Program Static Method: fromShaderIds

Creates a new program by fetching the source contained into the DOM scripts with ids provided in the method.

Syntax:

var program = PhiloGL.Program.fromShaderIds(vertexShaderId, fragmentShaderId);

Arguments:

1. vertexShaderId - (string) The id of the script tag containig the source code for the vertex shader.
2. fragmentShaderId - (string) The id of the script tag containig the source code for the fragment shader.

Examples:

Create a Program from the given script ids.

HTML code:

<script id="shader-fs" type="x-shader/x-fragment">
  #ifdef GL_ES
  precision highp float;
  #endif

  void main(void) {
    gl_FragColor = vec4(1.0, 1.0, 1.0, 1.0);
  }
</script>

<script id="shader-vs" type="x-shader/x-vertex">
  attribute vec3 aVertexPosition;

  uniform mat4 uMVMatrix;
  uniform mat4 uPMatrix;

  void main(void) {
    gl_Position = uPMatrix * uMVMatrix * vec4(aVertexPosition, 1.0);
  }
</script>

JavaScript code:

var program = PhiloGL.Program.fromShaderIds('shader-vs', 'shader-fs');

Program Static Method: fromShaderSources

Creates a new program by using the strings passed as arguments as source for the shaders.

Syntax:

var program = PhiloGL.Program.fromShaderIds(vertexShaderSource, fragmentShaderSource);

Arguments:

1. vertexShaderSource - (string) The vertex shader source as a string.
2. fragmentShaderSource - (string) The fragment shader source as a string.

Examples:

Create a Program from the given sources.

var program = PhiloGL.Program.fromShaderSources([
  "attribute vec3 aVertexPosition;",

  "uniform mat4 uMVMatrix;",
  "uniform mat4 uPMatrix;",

  "void main(void) {",
    "gl_Position = uPMatrix * uMVMatrix * vec4(aVertexPosition, 1.0);",
  "}" ].join('\n'),
  , [
 "#ifdef GL_ES",
  "precision highp float;",
  "#endif",

  "void main(void) {",
    "gl_FragColor = vec4(1.0, 1.0, 1.0, 1.0);",
  "}" ].join('\n'));

Program Static Method: fromDefaultShaders

Creates a new program by using the sources taken from Shaders.Vertex and Shaders.Fragment.

Syntax:

var program = PhiloGL.Program.fromShaderIds(vertexDefaultShaderId, fragmentDefaultShaderId);

Arguments:

1. vertexDefaultShaderId - (string, optional) The vertex shader id from Shaders.Vertex.
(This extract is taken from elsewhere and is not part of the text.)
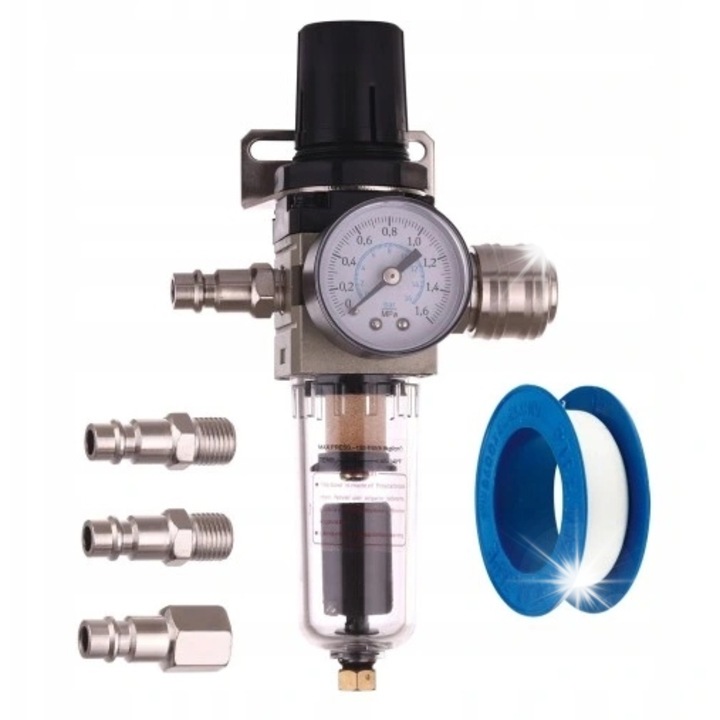 Reductor de presiune cu filtru automat, 1/4, 0,5-8,5bar, 165x40mm, set cu conectori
Default’s Default.
2. fragmentShaderSource - (string) The fragment shader id from Shaders.Fragment. Default’s Default.

Examples:

Extend Shaders.Fragment with a default shader and create a Program from defaults. Taken from lesson 8 example.

//Add Blend Fragment Shader
PhiloGL.Shaders.Fragment.Blend = [

    "#ifdef GL_ES",
    "precision highp float;",
    "#endif",
    
    "varying vec4 vColor;",
    "varying vec2 vTexCoord;",
    "varying vec3 lightWeighting;",
    
    "uniform bool hasTexture1;",
    "uniform sampler2D sampler1;",
    "uniform float alpha;",

    "void main(){",
      
      "if (hasTexture1) {",
      
        "gl_FragColor = vec4(texture2D(sampler1, vec2(vTexCoord.s, vTexCoord.t)).rgb * lightWeighting, alpha);",

      "}",
    
    "}"

].join("\n");

var program = PhiloGL.Program.fromDefaultShaders('Default', 'Blend');

Notes:

For more information about the default shader code Default included in the Framework take a look at the Shaders script.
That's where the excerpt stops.